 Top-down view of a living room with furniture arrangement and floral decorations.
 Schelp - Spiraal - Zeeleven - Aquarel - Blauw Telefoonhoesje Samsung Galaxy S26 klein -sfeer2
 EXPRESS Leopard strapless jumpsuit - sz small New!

--

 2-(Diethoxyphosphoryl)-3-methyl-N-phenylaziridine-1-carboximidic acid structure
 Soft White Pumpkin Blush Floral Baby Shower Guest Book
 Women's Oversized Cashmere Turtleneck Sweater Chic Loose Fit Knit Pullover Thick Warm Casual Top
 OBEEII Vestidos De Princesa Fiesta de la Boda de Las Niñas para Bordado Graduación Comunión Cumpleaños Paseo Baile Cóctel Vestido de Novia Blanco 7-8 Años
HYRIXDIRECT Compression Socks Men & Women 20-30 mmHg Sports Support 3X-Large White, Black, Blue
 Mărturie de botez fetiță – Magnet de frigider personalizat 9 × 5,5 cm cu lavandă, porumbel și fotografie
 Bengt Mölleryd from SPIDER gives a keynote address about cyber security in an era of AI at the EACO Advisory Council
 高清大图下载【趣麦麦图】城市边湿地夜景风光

---

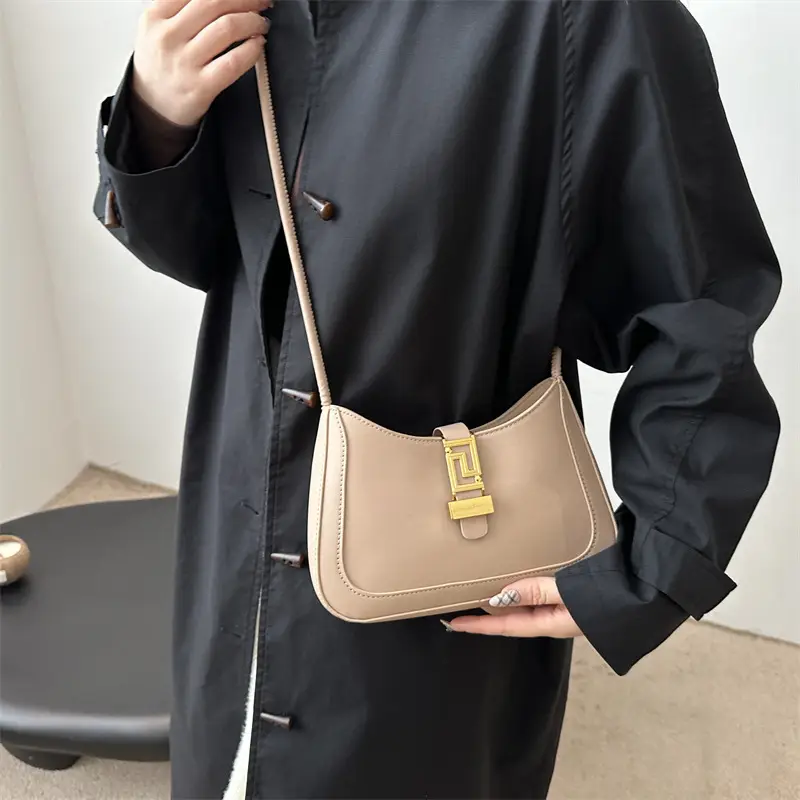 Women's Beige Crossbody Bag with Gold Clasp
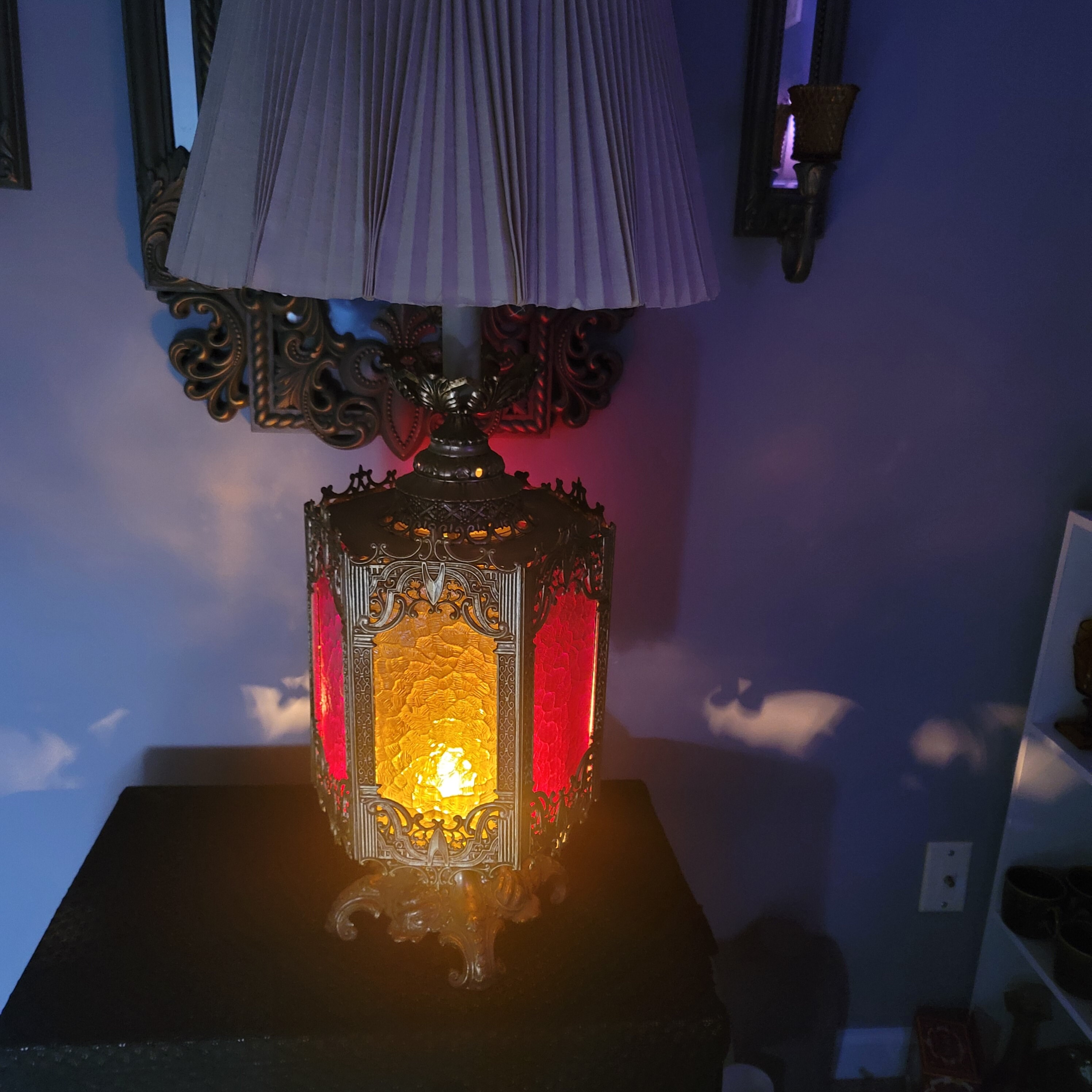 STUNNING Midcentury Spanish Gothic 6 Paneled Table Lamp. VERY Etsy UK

# Exercise objective
What you return must be an exact retyping of the lines above starting at the line with "Top-down view of" and ending at the line with "EXPRESS Leopard strapless", and nothing besides.

# Solution below
 Top-down view of a living room with furniture arrangement and floral decorations.
 Schelp - Spiraal - Zeeleven - Aquarel - Blauw Telefoonhoesje Samsung Galaxy S26 klein -sfeer2
 EXPRESS Leopard strapless jumpsuit - sz small New!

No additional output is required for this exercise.